As it happens, in rewatching the episode without the commentary, while I went in with what I knew was the incalculable advantage this time through of already knowing who the characters were, one of the things that struck me was what a terrific job the creative team had done in exactly this regard: helping the viewer get a handle on this enormous roster. Which, again, is the mark of writing, direction, and acting that is especially well positioned to produce TV of high and lasting quality. It's fascinating to hear Jason and Tom talk about the problems of re-creating the same scenes with a different Sarah (consider, for example, that you have a brand-new actress interacting with people who have already been inhabiting their characters, not just as individuals but as an ensemble, and had in fact already "finished" these scenes), and also the opportunities. Tom talks in particular about finding ways to enable Lauren Graham to give the most she had to give to her Sarah.
In the audio commentary we also hear Jason and Tom talking about the (to them) crucial process in making TV of interacting with your cast: watching what they bring to their characters as the shows unfold, and incorporating that into the future writing and directing.
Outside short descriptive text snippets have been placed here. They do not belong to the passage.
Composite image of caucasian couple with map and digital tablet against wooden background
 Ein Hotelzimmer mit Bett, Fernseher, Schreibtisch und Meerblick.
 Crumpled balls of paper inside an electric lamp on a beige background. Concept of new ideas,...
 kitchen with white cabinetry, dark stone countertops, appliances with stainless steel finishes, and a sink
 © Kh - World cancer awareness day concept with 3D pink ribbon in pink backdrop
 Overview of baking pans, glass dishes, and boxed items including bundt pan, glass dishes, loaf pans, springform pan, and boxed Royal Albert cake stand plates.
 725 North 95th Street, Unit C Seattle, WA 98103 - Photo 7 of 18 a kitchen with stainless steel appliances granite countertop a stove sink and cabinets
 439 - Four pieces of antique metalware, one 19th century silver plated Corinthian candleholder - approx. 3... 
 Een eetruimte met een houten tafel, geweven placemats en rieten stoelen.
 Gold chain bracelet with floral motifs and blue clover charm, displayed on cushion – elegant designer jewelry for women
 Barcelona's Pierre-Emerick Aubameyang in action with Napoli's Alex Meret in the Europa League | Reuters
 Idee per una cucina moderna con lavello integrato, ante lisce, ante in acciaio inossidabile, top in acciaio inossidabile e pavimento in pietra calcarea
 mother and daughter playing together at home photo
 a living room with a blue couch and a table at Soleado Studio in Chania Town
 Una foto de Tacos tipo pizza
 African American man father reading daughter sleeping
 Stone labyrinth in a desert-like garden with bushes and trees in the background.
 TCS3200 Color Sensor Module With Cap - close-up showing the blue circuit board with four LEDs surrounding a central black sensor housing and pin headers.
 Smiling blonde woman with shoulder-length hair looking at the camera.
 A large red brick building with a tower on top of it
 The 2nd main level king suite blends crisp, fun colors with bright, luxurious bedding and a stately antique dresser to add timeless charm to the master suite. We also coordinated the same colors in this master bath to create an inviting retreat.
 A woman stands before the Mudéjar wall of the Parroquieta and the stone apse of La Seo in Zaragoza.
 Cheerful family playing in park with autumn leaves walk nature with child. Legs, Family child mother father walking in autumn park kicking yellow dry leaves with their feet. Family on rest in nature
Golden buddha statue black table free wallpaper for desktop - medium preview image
For them, in fact, this is one of the great pleasures of working in series television, and can be seen all over the place in Tom's great collaborations with Aaron Sorkin (Sports Night, The West Wing, Studio 60 on the Sunset Strip) and of course in Jason's great series Friday Night Lights and Parenthood.
By the time it came to writing the final episode of Parenthood, the lives of the characters had been so powerfully established that a lot of scenes must have seemed almost obligatory to Jason -- like the great scene between Zeek and Sarah, which finds Zeek -- knowing how limited his remaining time is likely to be, asking Sarah, whom he acknowledges (truthfully, I think) to be "my favorite," if he was a good father. Of course she answeres, "The very best." But the truth is, as we know, that while he has indeed been an extraordinary father in some ways, the ways that were most satisfying for him, in all sorts of other ways he wasn't such a good father at all. It's one of the reasons that such a burden of surrogate-fatherhood fell on the oldest Braverman sibling, Adam (Peter Krause).
And in rewatching those first four episodes, it's fascinating to see, not just how the brother and sisters rely on Adam for guidance, but how mediocre that advice usually is. What he offers the others, more than anything, is that he's there for them.
Somehow, I think all of these pieces are part of why the show is going to endure long after its final episode on Thursday.